If there's something good that we've dropped, maybe we will get a lot of value out of figuring out what it is. And if we want to bring it back, it probably won't be by exactly replicating the original design, maybe we will develop entirely new ways to solve the old problems that match the technology we have today.
TL;DR
The question of whether an old term still applies or not can generate a lot of debate, but little of it is productive.
The question of whether an old design addressed problems that we no longer solve, but could solve if we recognized the problems and set about solving them with our current technology is always interesting.

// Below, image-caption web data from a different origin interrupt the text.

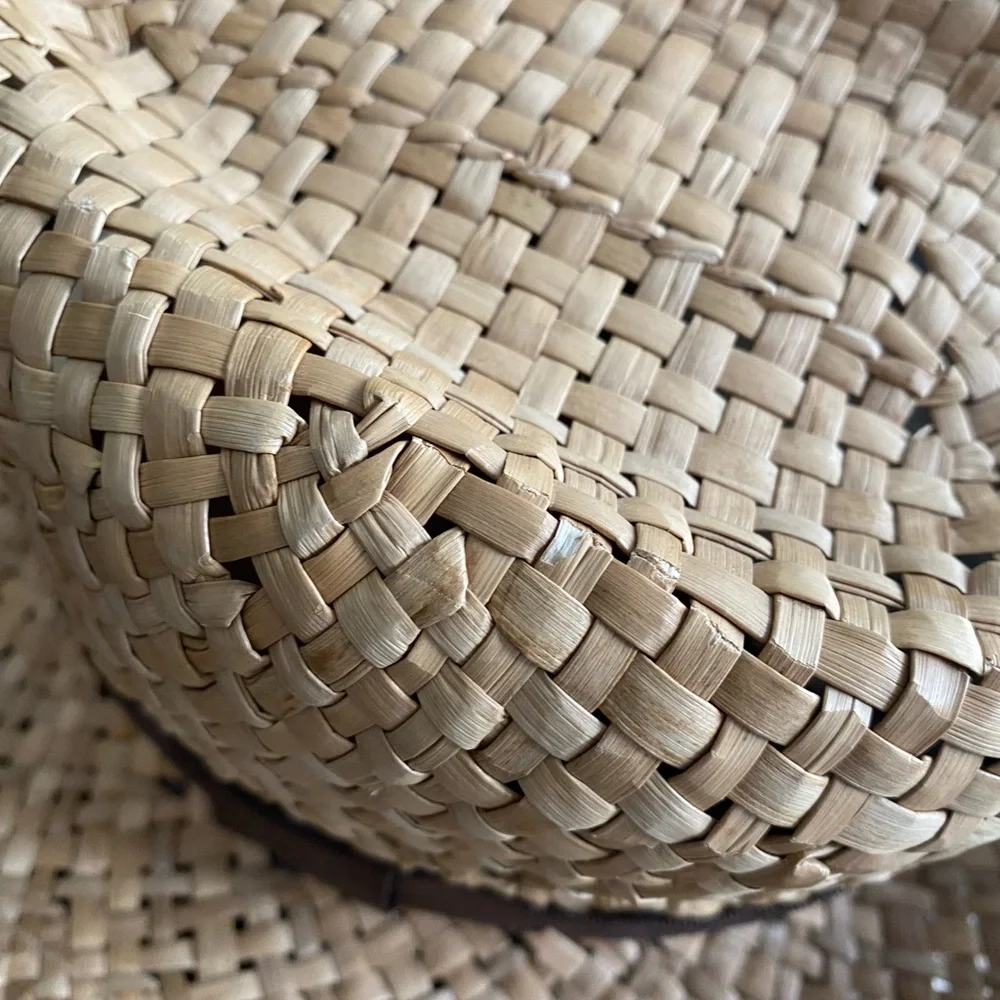Vintage ALL SAINTS Straw Hat with Brown Ribbon! S/M - Picture 7 of 8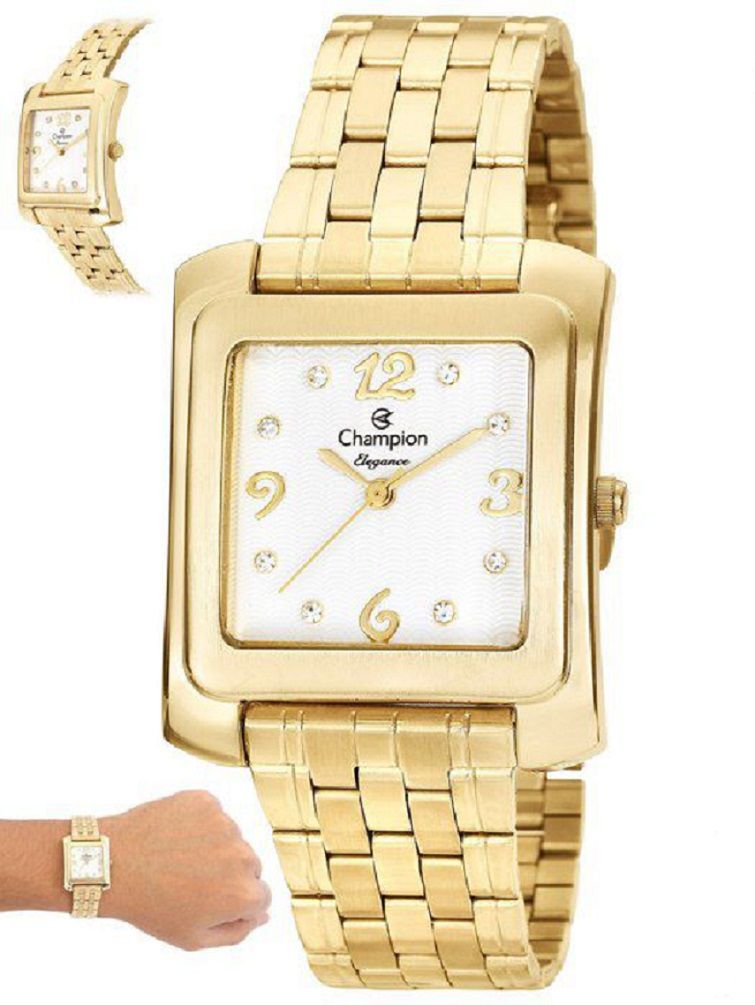 Relógio Champion Feminino Dourado Quadrado Analógico - Anéis - Presentes -  Cordões Masculinos - Pulseiras - Relógio Masculino - Relógio Feminino - 4x  Sem Juros - Frete Grátis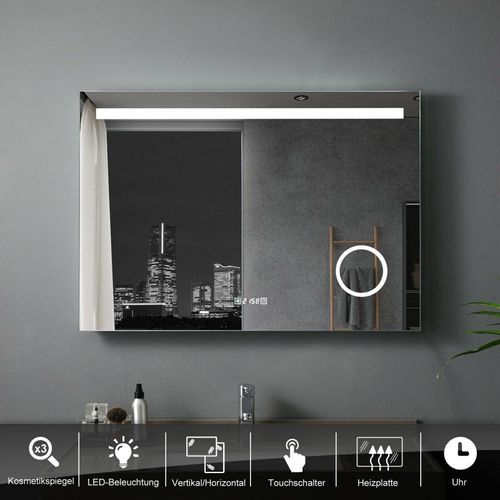 Badspiegel 100 x 70 cm mit Beleuchtung LED Rechteckig Badezimmer Badezimmerspiegel Wandspiegel mit Touchschalter Uhr Kosmetik 3 Lichtfarben Dimmbar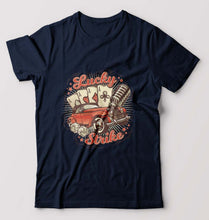 Load image into Gallery viewer, Poker T-Shirt for Men-S(38 Inches)-Navy Blue-Ektarfa.online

If the client knows nothing about the meaning of the responses, it cannot do anything with them but show them to a human for interpretation. This would suggest a restful api is not made for system-to-system communication, but requires human mediation at every step of the way, which is precisely not how api’s are used. In short, this definition of restful api’s can’t be right, because it suggests restful interfaces aren’t api’s at all. Once a programmer adds code to parse the responses and extract meaningful data, treating the restful interface as an api, the tight coupling between client and server reappears.